The whole listing is to be reproduced exactly as given.

> [Exercise data]:
#####

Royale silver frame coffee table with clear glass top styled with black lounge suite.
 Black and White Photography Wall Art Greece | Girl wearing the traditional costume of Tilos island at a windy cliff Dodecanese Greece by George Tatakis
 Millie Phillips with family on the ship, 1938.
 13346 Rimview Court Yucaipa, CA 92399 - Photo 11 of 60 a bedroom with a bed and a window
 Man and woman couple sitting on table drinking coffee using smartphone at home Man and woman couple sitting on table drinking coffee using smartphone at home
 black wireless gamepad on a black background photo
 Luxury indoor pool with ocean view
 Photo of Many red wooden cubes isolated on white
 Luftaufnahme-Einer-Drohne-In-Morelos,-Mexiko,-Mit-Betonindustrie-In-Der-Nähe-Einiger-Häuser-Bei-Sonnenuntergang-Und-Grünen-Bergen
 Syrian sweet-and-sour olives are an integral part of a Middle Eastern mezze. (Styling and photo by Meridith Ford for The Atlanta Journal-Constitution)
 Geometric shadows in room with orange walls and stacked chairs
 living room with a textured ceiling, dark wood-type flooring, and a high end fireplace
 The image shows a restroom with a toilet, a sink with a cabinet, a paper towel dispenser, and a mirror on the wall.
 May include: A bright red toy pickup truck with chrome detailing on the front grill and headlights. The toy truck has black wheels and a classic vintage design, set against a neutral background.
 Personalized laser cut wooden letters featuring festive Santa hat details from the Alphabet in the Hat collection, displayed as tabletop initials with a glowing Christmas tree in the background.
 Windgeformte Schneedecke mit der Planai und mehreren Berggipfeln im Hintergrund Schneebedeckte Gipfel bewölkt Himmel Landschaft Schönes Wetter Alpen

#####

> [Result below]:
Royale silver frame coffee table with clear glass top styled with black lounge suite.
 Black and White Photography Wall Art Greece | Girl wearing the traditional costume of Tilos island at a windy cliff Dodecanese Greece by George Tatakis
 Millie Phillips with family on the ship, 1938.
 13346 Rimview Court Yucaipa, CA 92399 - Photo 11 of 60 a bedroom with a bed and a window
 Man and woman couple sitting on table drinking coffee using smartphone at home Man and woman couple sitting on table drinking coffee using smartphone at home
 black wireless gamepad on a black background photo
 Luxury indoor pool with ocean view
 Photo of Many red wooden cubes isolated on white
 Luftaufnahme-Einer-Drohne-In-Morelos,-Mexiko,-Mit-Betonindustrie-In-Der-Nähe-Einiger-Häuser-Bei-Sonnenuntergang-Und-Grünen-Bergen
 Syrian sweet-and-sour olives are an integral part of a Middle Eastern mezze. (Styling and photo by Meridith Ford for The Atlanta Journal-Constitution)
 Geometric shadows in room with orange walls and stacked chairs
 living room with a textured ceiling, dark wood-type flooring, and a high end fireplace
 The image shows a restroom with a toilet, a sink with a cabinet, a paper towel dispenser, and a mirror on the wall.
 May include: A bright red toy pickup truck with chrome detailing on the front grill and headlights. The toy truck has black wheels and a classic vintage design, set against a neutral background.
 Personalized laser cut wooden letters featuring festive Santa hat details from the Alphabet in the Hat collection, displayed as tabletop initials with a glowing Christmas tree in the background.
 Windgeformte Schneedecke mit der Planai und mehreren Berggipfeln im Hintergrund Schneebedeckte Gipfel bewölkt Himmel Landschaft Schönes Wetter Alpen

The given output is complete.